In our study, the mean age for Acute Coronary Syndrome in diabetic patients was 58.33 years and non-diabetics it was 58.58 years which is comparable with Nseem et al 14 with mean age of diabetic patients of 52.8 years and non-diabetics 54.6, Maity Ak et al 15 with mean ages of 56.3 and 57.8 of diabetic and non-diabetic patients. Our study also showed that males were more susceptible for ACS in both the groups. i.e. Diabetic males 72% (36/50) and non-Diabetics 70% (35/50) admitted in particular period of this study. In this study, the correlation between HbA1C and Acute Coronary Syndrome was seen even among Non-Diabetic Group (B). The mean HbA1C in this group was 6.5% with +0.6 of SD which is higher than a ADA recommended normal value i.e. 5.6%. It is comparable with Mani et al study1 who reported mean HbA1C of 5.7%. Considering the admission Blood Sugar Levels (Random) in patients admitted with Acute Coronary Syndrome in our Hospital, the Group. A patients (diabetics) had mean BSL of 298.83 with ± 135.62 SD in which mean HbA1C was 8.06 ± 1. In Group B patients (non-diabetics) had mean BSL 160.47±76.31 in which mean HbA1C was 6.50±1.01.

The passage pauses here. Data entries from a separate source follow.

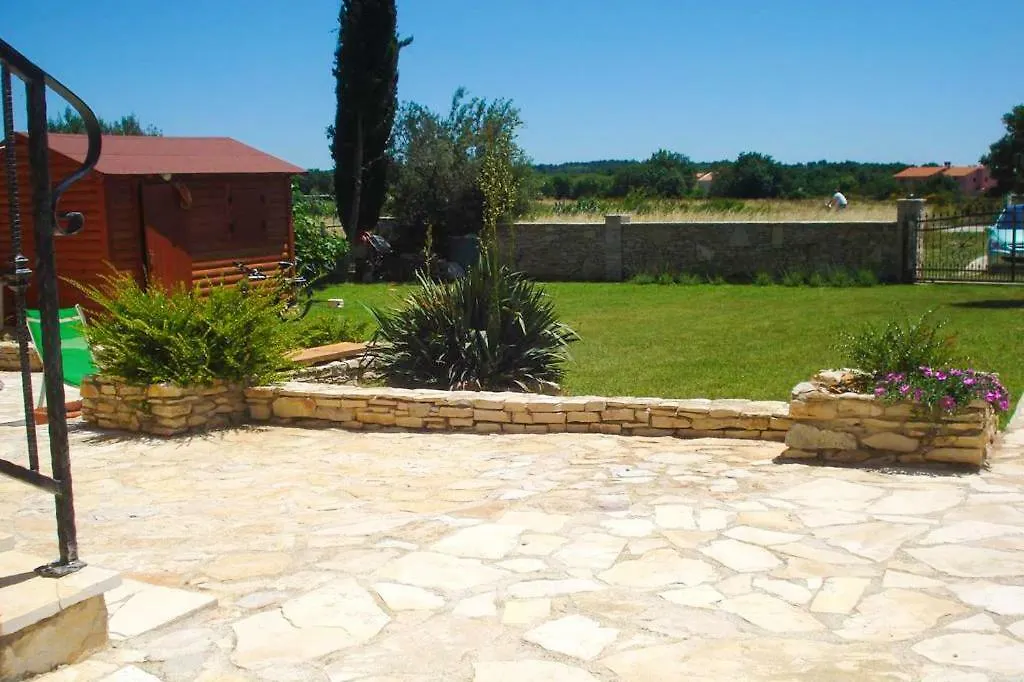 Apartment Villa Orange II Medulin Croatia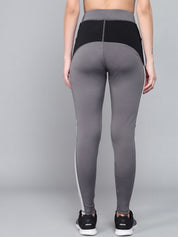 Kotty Women Regular Fit Ankle-Length Tights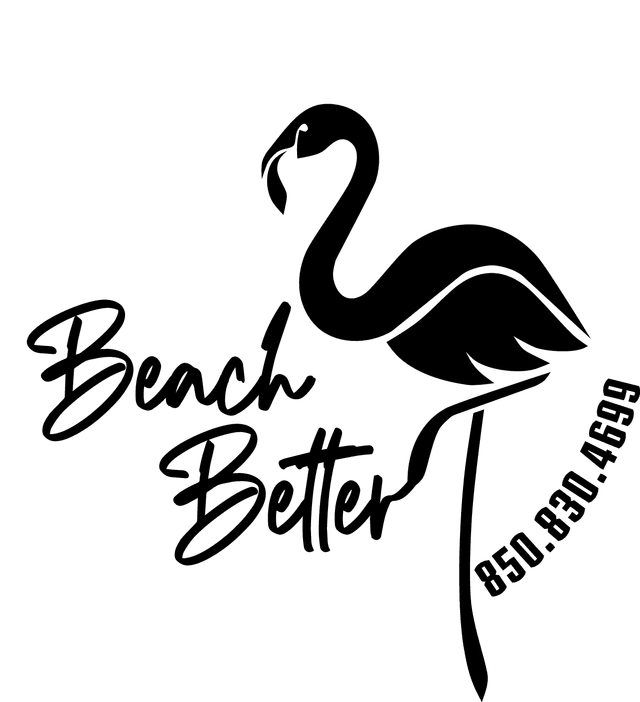 Miramar Beach Gas 6Seater Golf Cart Rental Package Beach Better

In our study 15/50 (30%) diabetic patients and 7/50 (14%) patients had heart failure fallowing acute coronary syndrome. In 15 diabetic patients, 14 (94%) had HbA1c >7%. Out of 14 patients, 12 (85%) had LV systolic dysfunction on 2-D Echocardiography and 2 (15%) had LV diastolic dysfunction. In 7 non-diabetic patients with heart failure fallowing ACS, 3 (42%) had HbA1C >7%. All of them (100%) had LV diastolic dysfunction on 2-D Echocardiography. This shows the incidence of LV systolic dysfunction is more common and significant in diabetics with HbA1C >7% than non-diabetics. Whereas diastolic dysfunction is more common in non-diabetics with HbA1C >7%. In this study, 20/50 (40%) diabetic patients had arrhythmias fallowing acute coronary syndrome. Out of them 19 (95%) had HbA1c >7%. On further observations, 17 (89%) patients of them had tachyarrhythmias, while only 2 (11%) had CHB (bradyarrhythmias) in which both of them succumbed. While in group of patients with tachyarrhythmias, 6 (35%) died. Sewdarsen M et al17 also reported comparable findings with our study, they reported 48% of diabetic patients had arrhythmias compared to 12% of non-diabetic patients. Cardiac arrest was seen in 34% of diabetic patients compared to 10% of non- diabetics, accelerated hypertension seen in 20% of diabetic patients compared to 16% of non- diabetics, shock was seen in 38% of diabetic patients compared to 4% of non- diabetics. All these complications are seen more commonly in diabetic patients as compared to non-diabetic patients. Similar findings are reported by many studies. 16- 19.In non-diabetic patient’s group, 13 (26%) had arrhythmias. Out of which 6 had (46%) had HbA1C >7%. All of them had tachyarrhythmias. In this group 4 (66%) patients died with serious tachyarrhythmias like ventricular tachycardia/ fibrillation. This study showed that the complications of Acute Coronary Syndrome are more common and fatal in diabetics with poor glycemic control and HbA1C >7. But the incidence of same complications when studied in non-diabetics are showing significant figures with HbA1C >7. Tenenbaum A et al 18 and Levobitz ME et al 19 also reported similar findings. Hence, the severity of a disease (ACS) can be monitored even in non-diabetic patients by estimating the HbA1C value on admission.

 

CONCLUSION

  • Glycosylated haemoglobin (HbA1c) >7% is a significant and early predisposing factor for developing acute sever coronary events like ST-elevation and non-ST-elevation Myocardial Infarction in diabetic and non-diabetic patients.
  • High HbA1C >7 is also a significant marker in both the groups as predisposing factors for conditions which are associated with Acute Coronary Syndrome like Hypertension, Ischemic Heart Disease, Strokes and Chronic Kidney Disease and subsequently high incidence of complications of Acute Coronary Syndrome.
  • Heart Failures, Cardiogenic Shock and Arrhythmias are common complications seen in ACS with HbA1C >7 % in diabetics and non-diabetics.
  • Admission Hyperglycemia is a poor prognostic marker than Glycosylated Haemoglobin in ACS.